━━ Data section

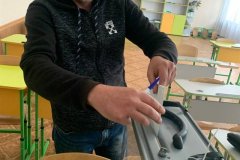 Жители Новоайдарского района 4-й день голосуют за вступление в состав Российской Федерации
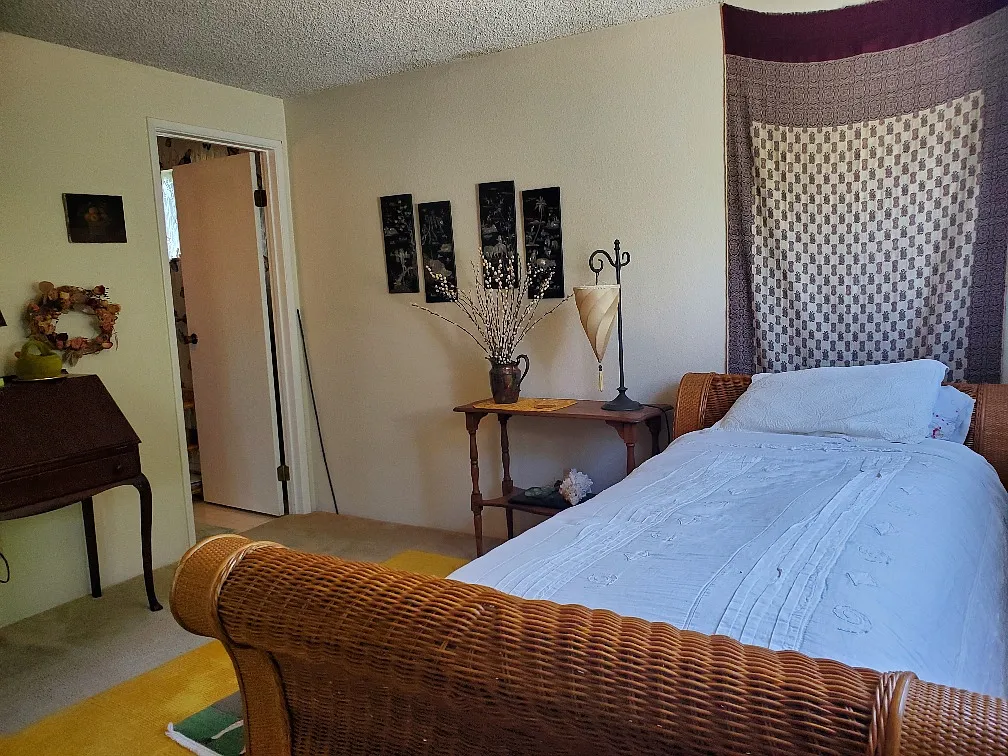 3 bed, 1340 sqft, $850 — Photo 3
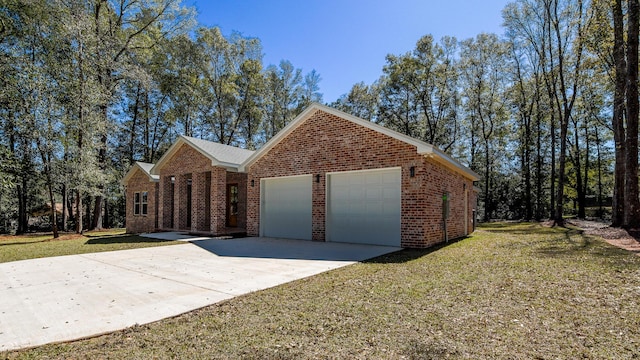 view of front of property featuring a garage, driveway, brick siding, and a front yard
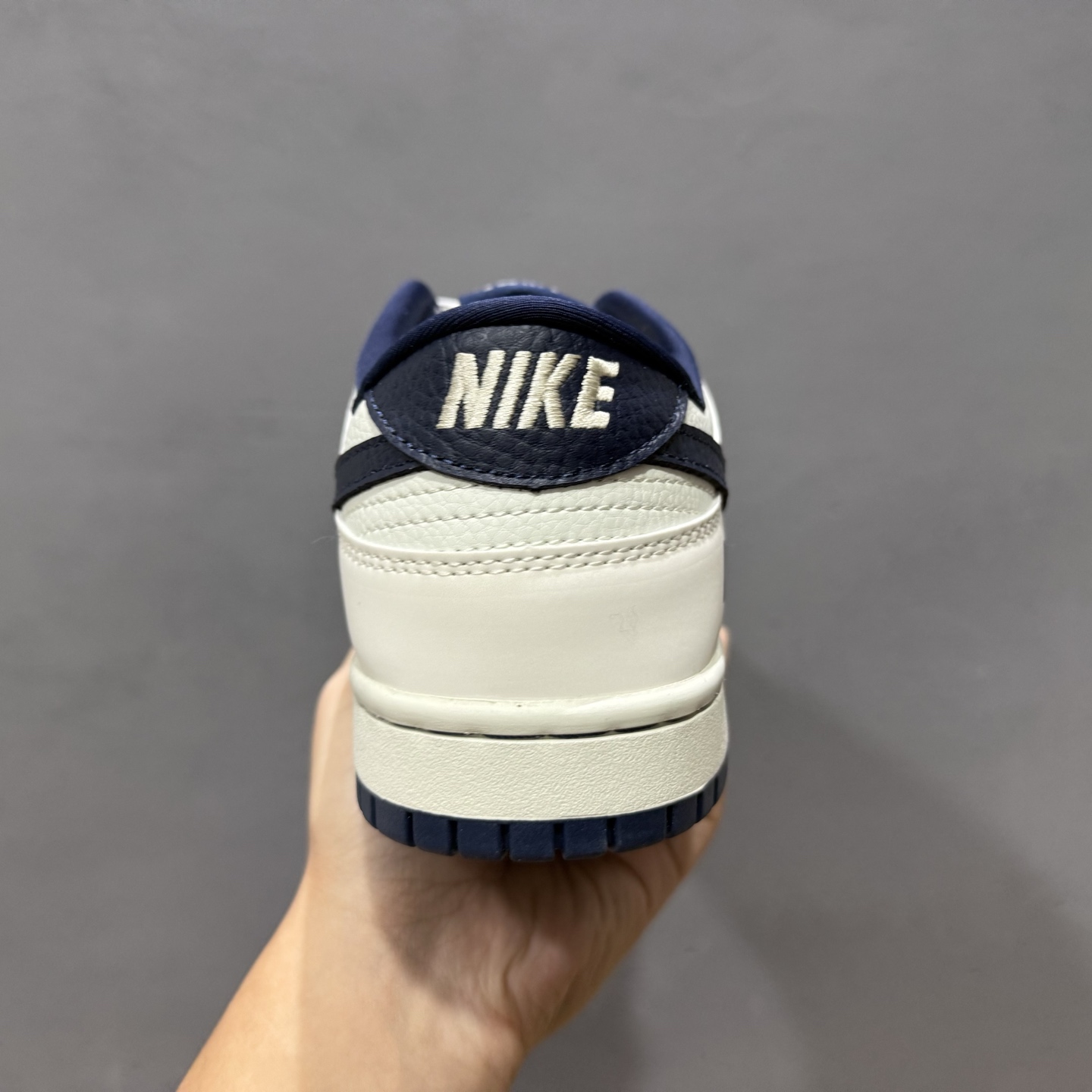 Nike SB Dunk Low 联名三勾 奶白深蓝 周年高端定制 低帮休闲板鞋 SC9207-402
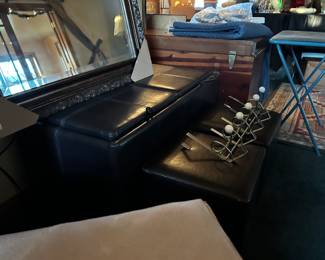 Coffee Table Storage w 2 Stools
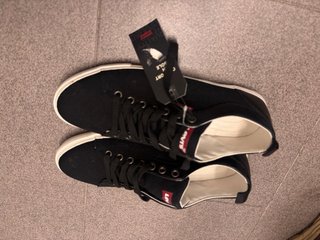 Zapatillas Levis Negras
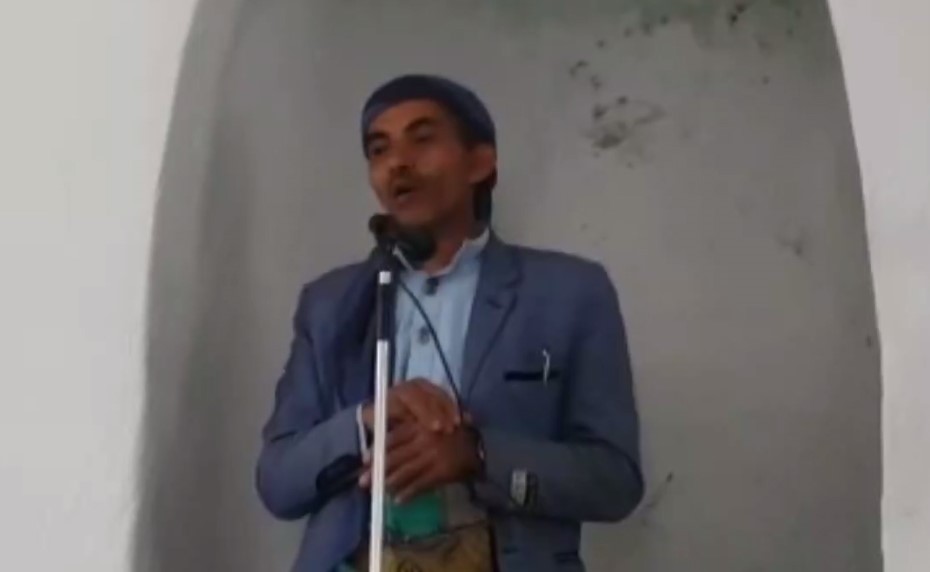 إمام مسجد والمصلون في أحد مساجد محافظة حجة في اليمن يدعون لأهل الكويت ليحميهم الله من "كورونا"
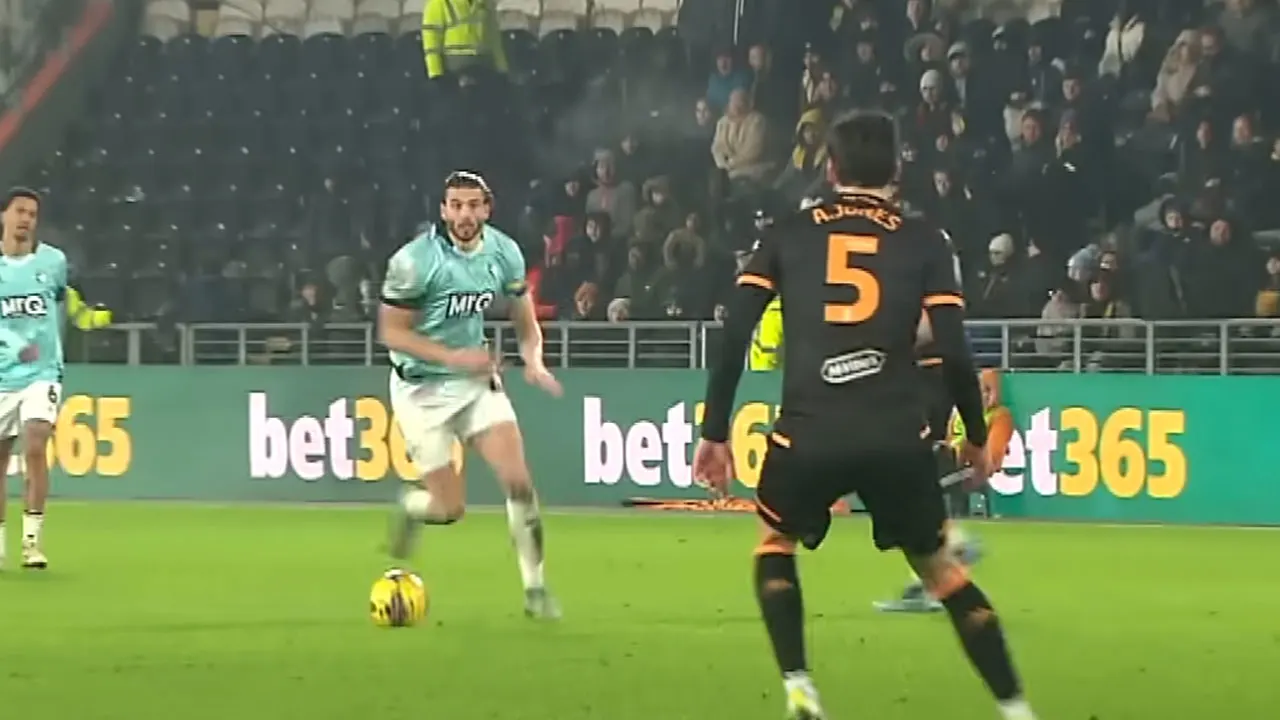 Video: Wesley Hoedt scoort fenomenale goal van 40 meter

━━━━

▶ _What to produce_: The records above must be printed exactly; the pictures stay out.

▶ _Response area_:
 Жители Новоайдарского района 4-й день голосуют за вступление в состав Российской Федерации
 3 bed, 1340 sqft, $850 — Photo 3
 view of front of property featuring a garage, driveway, brick siding, and a front yard
 Nike SB Dunk Low 联名三勾 奶白深蓝 周年高端定制 低帮休闲板鞋 SC9207-402
 Coffee Table Storage w 2 Stools
 Zapatillas Levis Negras
 إمام مسجد والمصلون في أحد مساجد محافظة حجة في اليمن يدعون لأهل الكويت ليحميهم الله من "كورونا"
 Video: Wesley Hoedt scoort fenomenale goal van 40 meter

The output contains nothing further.